Guinea Bissau President José Mário Vaz stepped aboard the ship Esperanza on Tuesday to hear reports from his nation’s Fisheries Surveillance Department (FISCAP) on their joint illegal fishing patrols with the Greenpeace vessel.
Guinea Bissau authorities working with the international environmental organization told the president that just in the past week, they had discovered four Chinese vessels involved in various violations while conducting fishing operations.
They also investigated four Comoros-flagged vessels for transshipment at sea, a practice banned by the government of Guinea Bissau in 2015, and escorted two of the vessels to the Bissau port. The owners and crew now face legal charges, Greenpeace said in a statement.
“The fact that we managed to come across such a high number of vessels breaking the law in only a few days really confirms the alarming ‘Wild-West’ situation in the waters of West Africa,” said project leader Pavel Klinckhamers. “We commend the commitment from the highest level of the Bissau government to curb the ongoing situation.”

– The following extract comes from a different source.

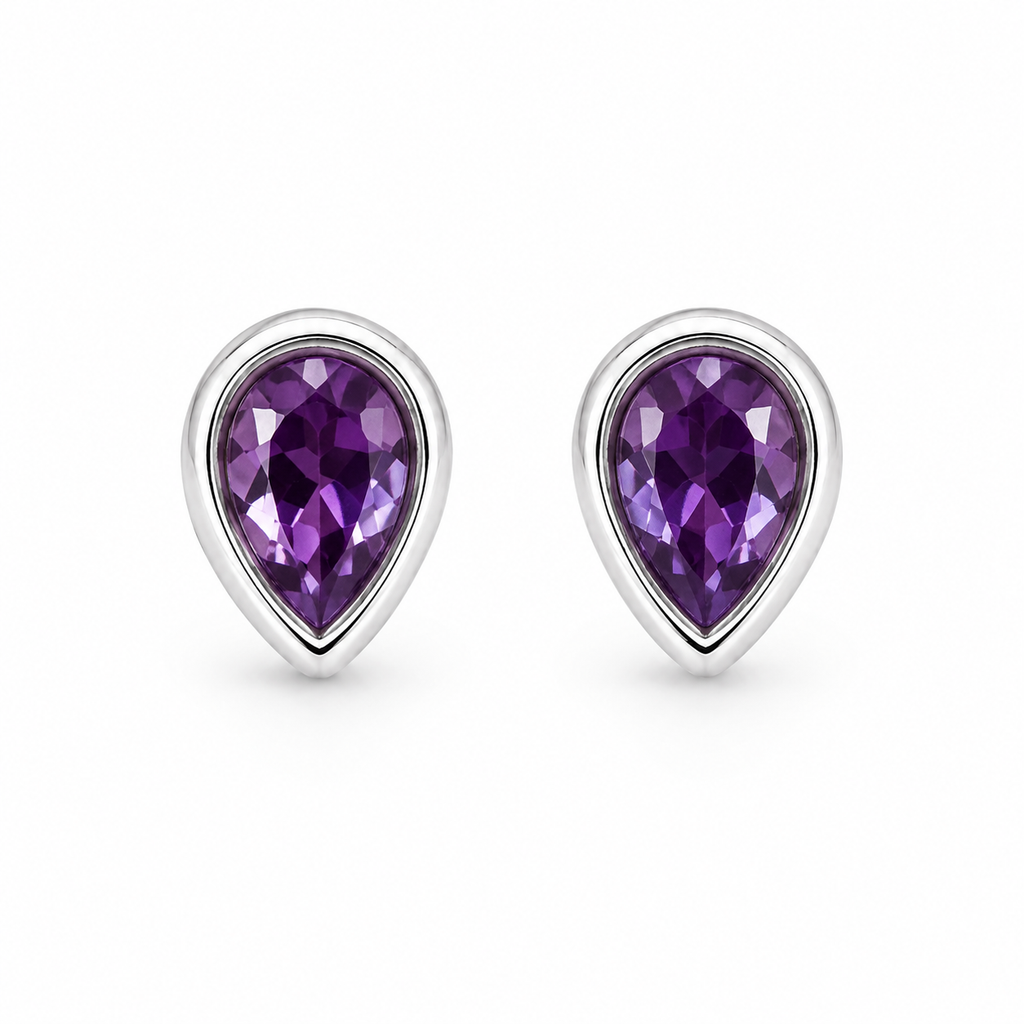 GILBI Amethyst Studs in Silver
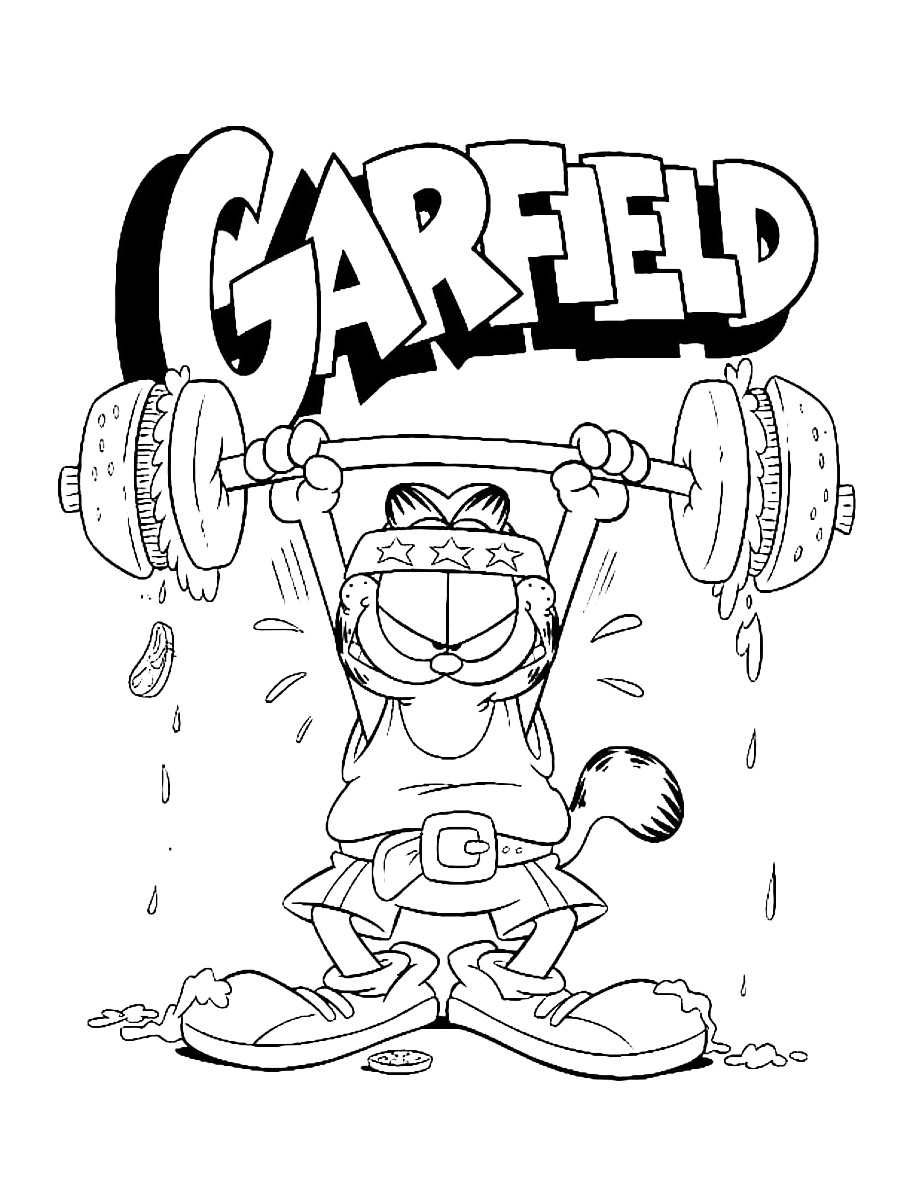 Garfield Lifting Weights Coloring Page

West Africa is the only region in the world where fish consumption is declining due to exploitation of resources by too many vessels and by illegal fishing operations, Greenpeace said. That’s becoming a critical problem for 7 million Africans who rely on the sea for food, income and employment.
From 2010 to 2016, six West African nations including Guinea Bissau lost an estimated USD$2.3 billion in revenues because of illegal, unregulated and unreported (IUU) fishing, the statement said. The highest number of offenses occurred in Guinea Bissau, but addressing the problem really requires a regional fisheries management body for improved oversight.